Issue date: 4/16/04 Section: Ed-Op
Eight-hundred-pound gorillas are running wild on every college campus in America. There is one in nearly every dorm room, pouting for attention. In fact, you could have your very own furry ape hunched upon your desk as you read this commentary, but we students have chosen to ignore the growing epidemic of peer-to-peer file sharing. In late March, the Recording Industry Association of America filed its latest round of lawsuits specifically targeted against college students and their families for the first time. Because the accused remain anonymous, they appear no more human than a descending green pixel in The Matrix.

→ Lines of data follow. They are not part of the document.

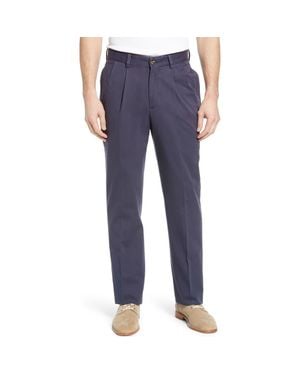 Berle Charleston Khakis Pleated Chino Pants - Blue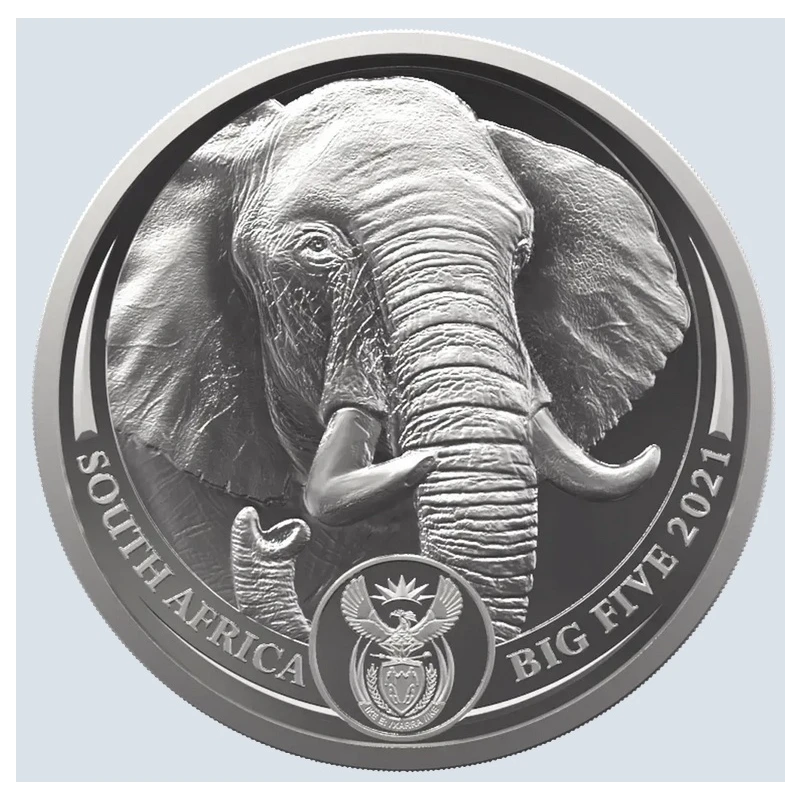 Zuid-Afrika's platina munt Big Five.Olifant 2021, 31,1 g Proof Verzamelmunten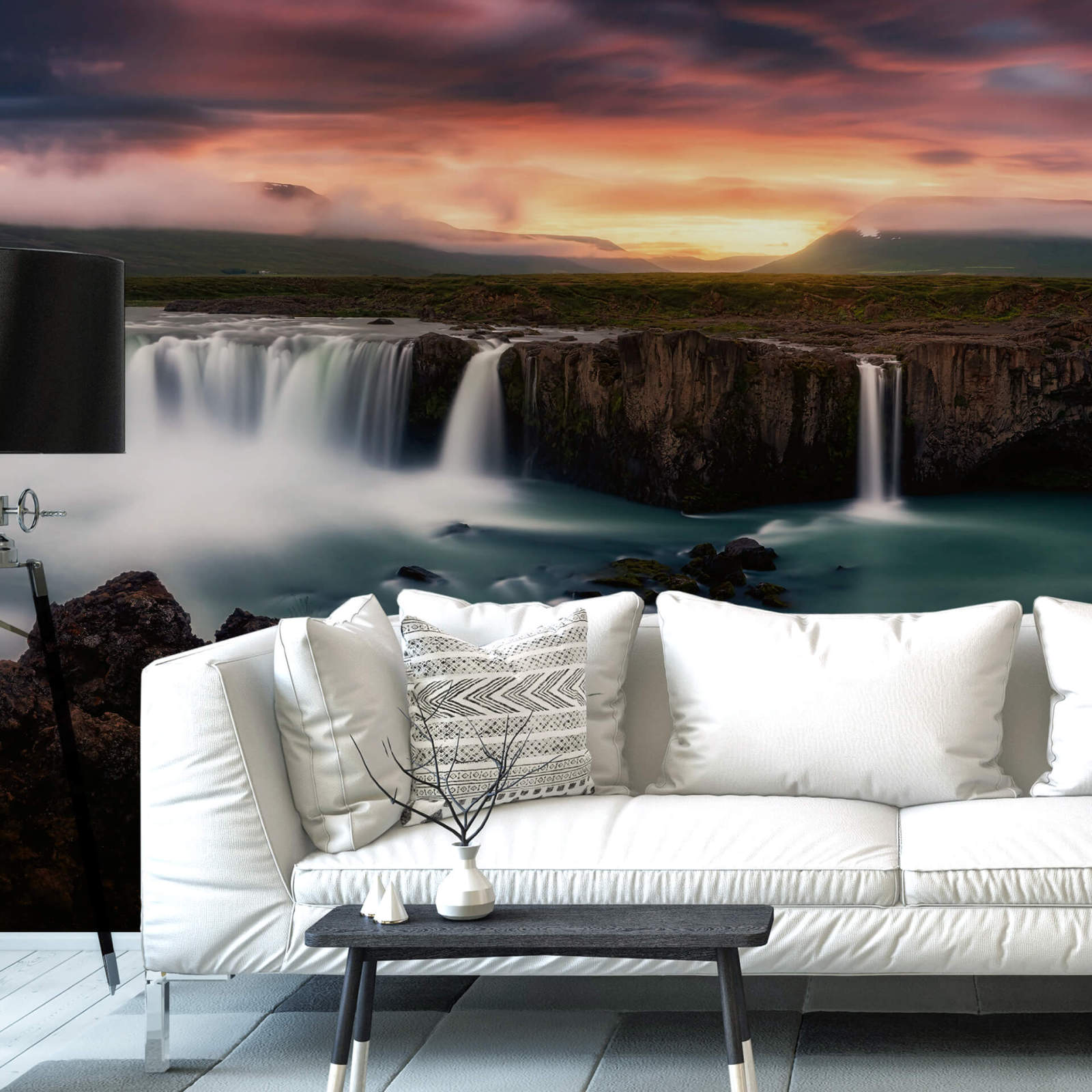 Fototapete DESIGNWALLS 2.0 - blau-orange - Wasserfall - 2,6 Meter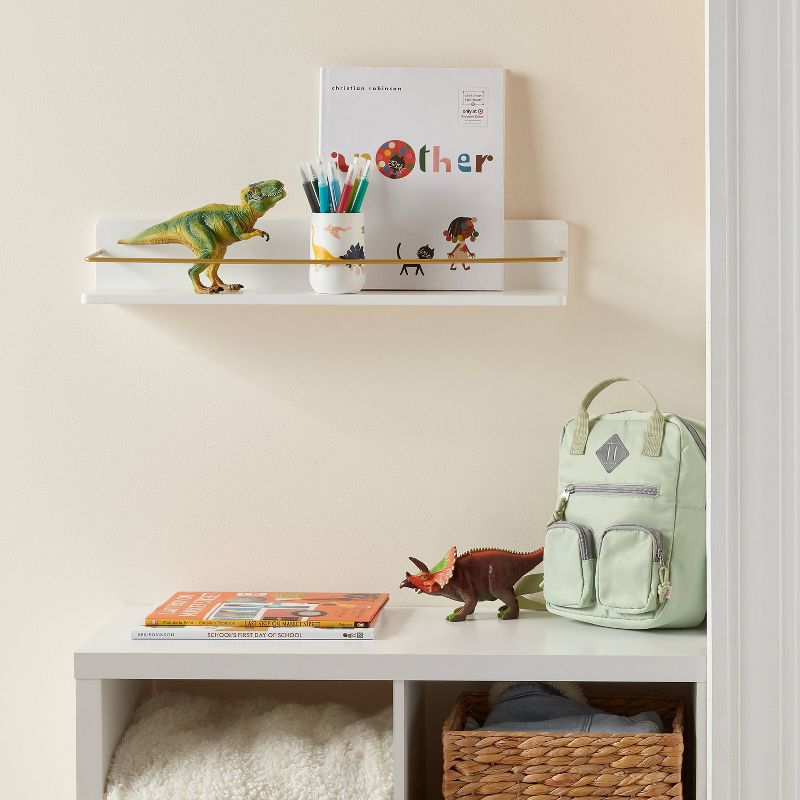 Kids&#39; Wall Shelf White with Gold - Pillowfort&#8482;, 3 of 10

Nevertheless, these college students are real and are about to receive subpoenas from Drexel University and over 20 other universities across the country.

At present, the RIAA's solution to the entertainment industry's inability to keep up with digital technology over the past decade is a terror campaign designed to frighten students away from P2P networking. If the entertainment industry had encouraged technological advances in the past, the unsuccessful and costly effort to pervert copyright laws in favor of the RIAA's goals would be obsolete and consumer's downloading needs would be met.

Despite the number of legal ways to license digital media, the RIAA focused its efforts elsewhere and throughout the history of file sharing inadvertently encouraged its evolution from the "central hub" of the good old Napster to the more pervasive P2P of Kazaa and others. This phenomenon has not changed and the current RIAA efforts are driving students underground to become more skilled and evasive file sharers, as evidenced by the newly-created sharing software entitled Waste.

Regardless of the current debate over copyright laws and the effect of downloads on record sales, it must be recognized that digital entertainment has become tethered to the college experience. Until a realistic alternative to P2P has been created and implemented on college campuses, it is unrealistic to expect students to meet their entertainment needs in any other way.